Well, it's only Monday, but so far, so cheery as far as restaurant reviews go. Craig LaBan filed a bit of mole-induced ecstasy courtesy of Ninth Street's Mole Poblano for the Sunday paper, while Trey Popp's feel-good reviews of The Fat Ham and Pizzeria Beddia both dropped online today.
Not surprisingly, a central figure in LaBan's two-bell review of Mole Poblano is the eponymous mole, whether smothering a platter of chicken or striping the masa in "some of the city's best tamales." But he doled out hefty praise to just about everything he tried, giving a special nod to the many weekend specials, including lamb barbacoa. Still, amongst the delirium of all this food smut, there's one thing in here that very seriously raises the question, "Should people be allowed?":
Papá Pedro Ríos, 53, and his wife, Ynes Sandoval, 50, had already made a living plying the streets with his signature carnitas and her handmade tamales, selling to Mexican workers at a West Philly meatpacking plant, restaurants in Center City, and many other spots.But neighbors had complained about the cooking smells of pork and chiles emanating from their South Philly home.

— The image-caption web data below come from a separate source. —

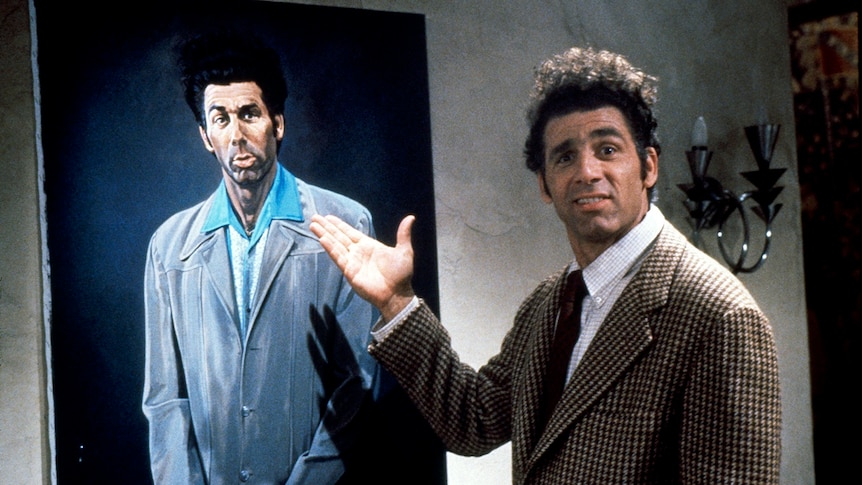 Michael Richards as Kramer pointing to an illustrated portrait of himself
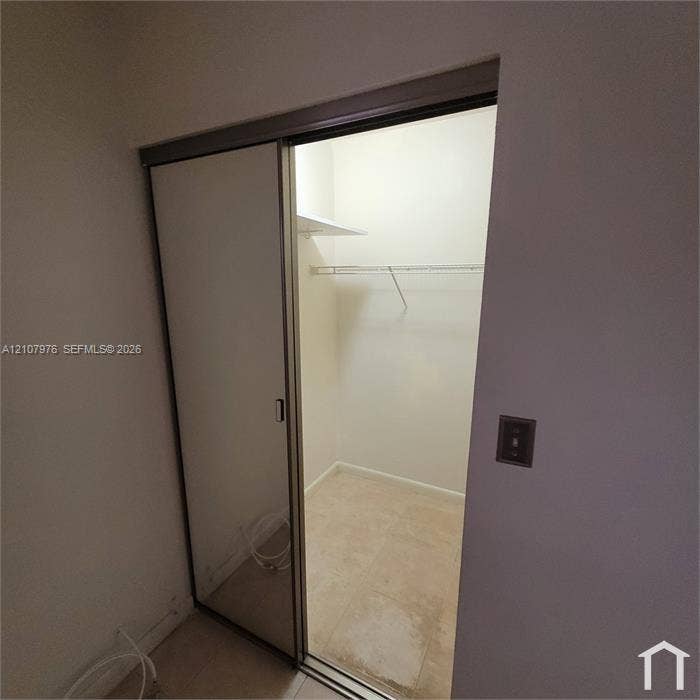 5100 SW 41st Street, #101, Hollywood, Hollywood, FL 33023 Closet featuring sliding mirror doors, metal wire shelving, and tile flooring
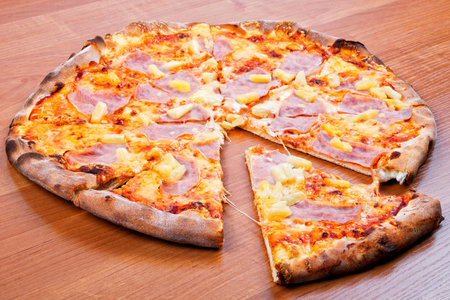 Hawaiian pizza on a wooden backgroundの写真素材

Luckily, people get a pass this time, because Ríos and Sandoval opening their own permanent place made for a very happy ending.
Meanwhile, Popp goes crazy over white bread soaked in ranch at Kevin Sbraga's Fat Ham, which earns an impressive three stars. And while he gives the famous hot chicken sitting on top of that bread its due, the better story lies with the restaurant's Southern take on hummus:
I didn't need [the affable, knowledgable servers] to lead me to the one that clinched this restaurant's hold on me: a light-bodied hummus that jettisoned tahini in favor of boiled peanuts. Those must be the most authentic — and divisive — thing here. I can't think of baseball or summer without conjuring a gloriously soggy brown bag of boiled peanuts, but I've never met a non-Southerner who could abide the things.
"I don't care for them either," Sbraga told me.
Popp rounds out the double feature by handing two-and-a-half stars to Pizzeria Beddia (star of the Eater National Pizza 38 and this interview we love so much). Of course, there's much made about the shop's peculiar way of doing business and a Jersey-tomato sauce that could stand to be a touch more sweet, but who cares:
...the truth is that Beddia's crusts are so far up my alley that he could cover them with brick dust and I'd still swoon.
After that, the rest seems almost (almost) superfluous.